We’ve all been there. It’s Saturday afternoon, you fancy doing a bit of shopping and having a bite to eat at that new coffee shop that just opened on your high street. But before you can relax, you could really do with a new coat. After an hour, you have visited four stores and haven’t seen anything that catches your eye, but then you walk into a shop you have never seen before…
The staff are friendly and ask you how your day is going. It’s going well! It’s Saturday, there are several coats in here that look fantastic and you will soon be relaxing on a comfy sofa with your latte. A helpful sales assistant called Lucy accompanies you to the fitting room, carrying the coats for you. You try them on; she chats to you and agrees that the navy one looks just awesome. You are feeling good, really good!
Now it’s time to pay, and everything changes. You got too hot in the changing room, you’re thirsty, you’re tired, and suddenly you just want to get to that coffee shop NOW. You need Lucy to wrap your coat, to take your card, process your purchase, and do everything efficiently so you can get out of there FAST, but the till spits out your card, the barcode doesn’t scan and they only have tiny carrier bags.
Does this sound familiar?
Well, today Amazon opened their first check-out free grocery shop in Seattle, called Amazon Go, which should take all the pain out of shopping.
The concept relies on customers using an Amazon Go smartphone app and passing through a turnstile to enter the store. Once you have selected items from the shelves and exited through the turnstile, you are automatically charged for all purchases.

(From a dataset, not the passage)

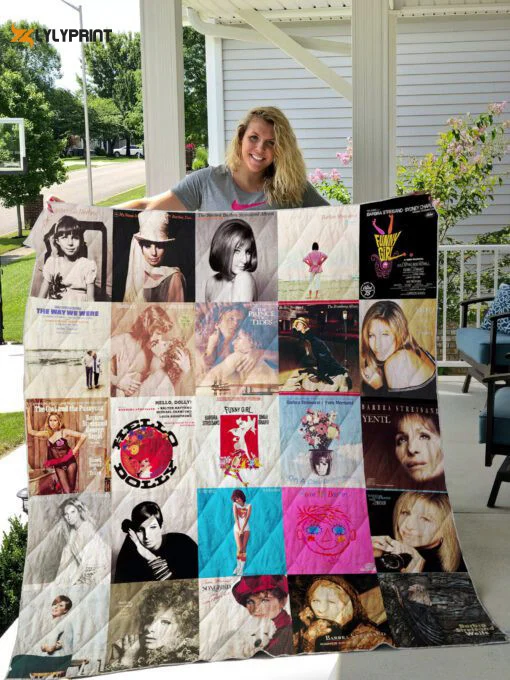 Barbra Streisand 1 Quilt Blanket For Fans Home Decor Gift , Soft Quilt, King Size, All Season Cozy Quilt QB0901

Cameras and sensors keep a check on what customers keep and what they put back to make sure you are only charged for items you keep. Is this the shape of retail to come?
There are clear advantages in speeding up the purchasing process and increasing convenience but one of the joys of being human is to be slightly unpredictable and right now this high-tech new system has to contend with children causing accidental chaos by picking up items and putting them back in the wrong places. We know that, even though technology is leading the way, interaction with other humans is essential for our well-being and a big factor in making us feel good. Historically much of the appeal of retail and leisure destinations is down to the people we meet, so keep an eye on the development of this latest disruptive retail event to see how technology and humans come together.